§ **The problem**
For the data below, give again exactly the lines from the one containing "Otomobilin bagajındaki zuladan" through the one containing "7890 Dixie Beach", both ends included, and no others.

§ **Information shown**
####

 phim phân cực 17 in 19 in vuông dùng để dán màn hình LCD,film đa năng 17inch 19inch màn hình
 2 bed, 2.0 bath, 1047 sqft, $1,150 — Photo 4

####

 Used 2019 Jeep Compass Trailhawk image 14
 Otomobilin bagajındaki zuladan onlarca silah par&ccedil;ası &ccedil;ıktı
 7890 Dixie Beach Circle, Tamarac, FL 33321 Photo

####

§ **Answer for the task**
 Otomobilin bagajındaki zuladan onlarca silah par&ccedil;ası &ccedil;ıktı
 7890 Dixie Beach Circle, Tamarac, FL 33321 Photo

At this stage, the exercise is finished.